INPUT RECORDS -
------------------------------------------------------------------------

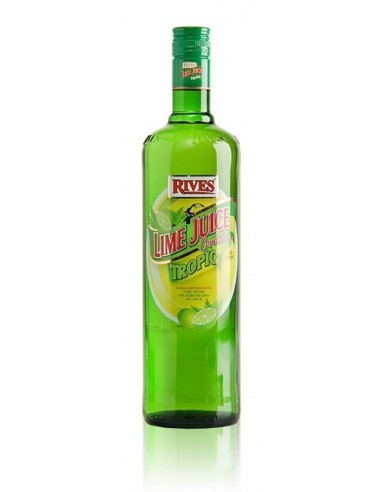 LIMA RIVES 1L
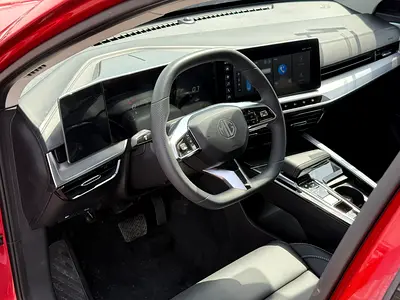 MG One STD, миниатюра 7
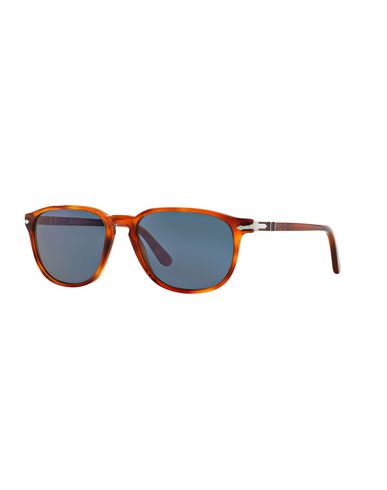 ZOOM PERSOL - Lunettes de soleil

------------------------------------------------------------------------

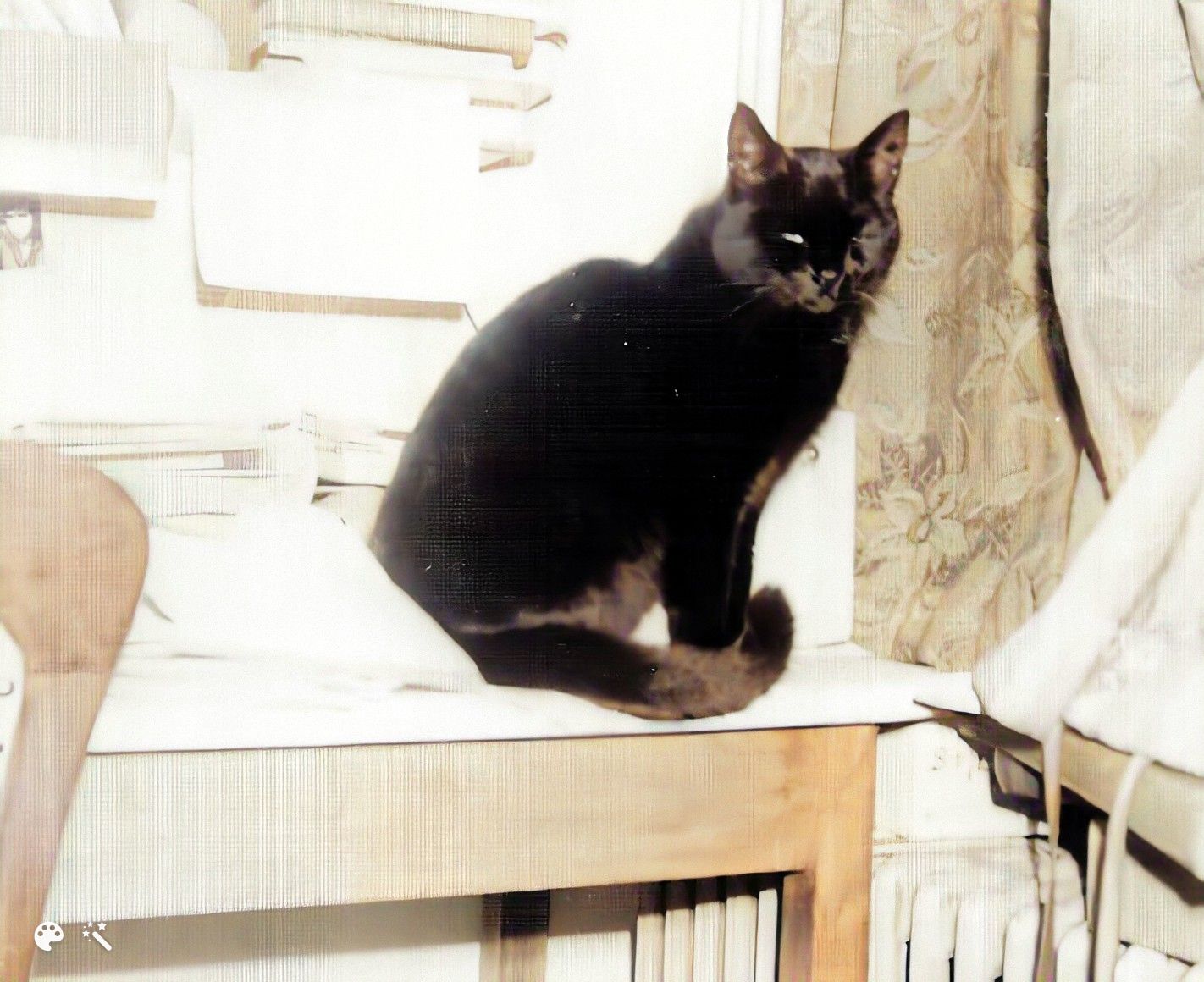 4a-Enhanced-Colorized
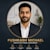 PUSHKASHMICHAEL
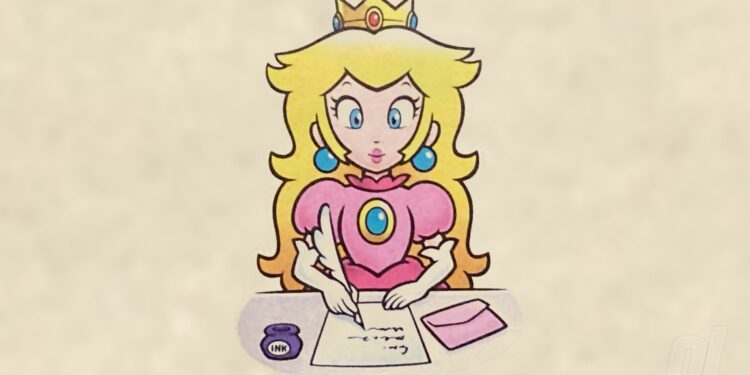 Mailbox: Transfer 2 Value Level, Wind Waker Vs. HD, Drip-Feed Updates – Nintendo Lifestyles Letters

------------------------------------------------------------------------

WORK TASK - Output exactly the stretch of the listing that begins at the line containing "LIMA RIVES 1L" and ends at the line containing "ZOOM PERSOL - Lunettes de soleil", both kept. Omit pictures and everything else.

OUTPUT OF THE EXERCISE -
 LIMA RIVES 1L
 MG One STD, миниатюра 7
 ZOOM PERSOL - Lunettes de soleil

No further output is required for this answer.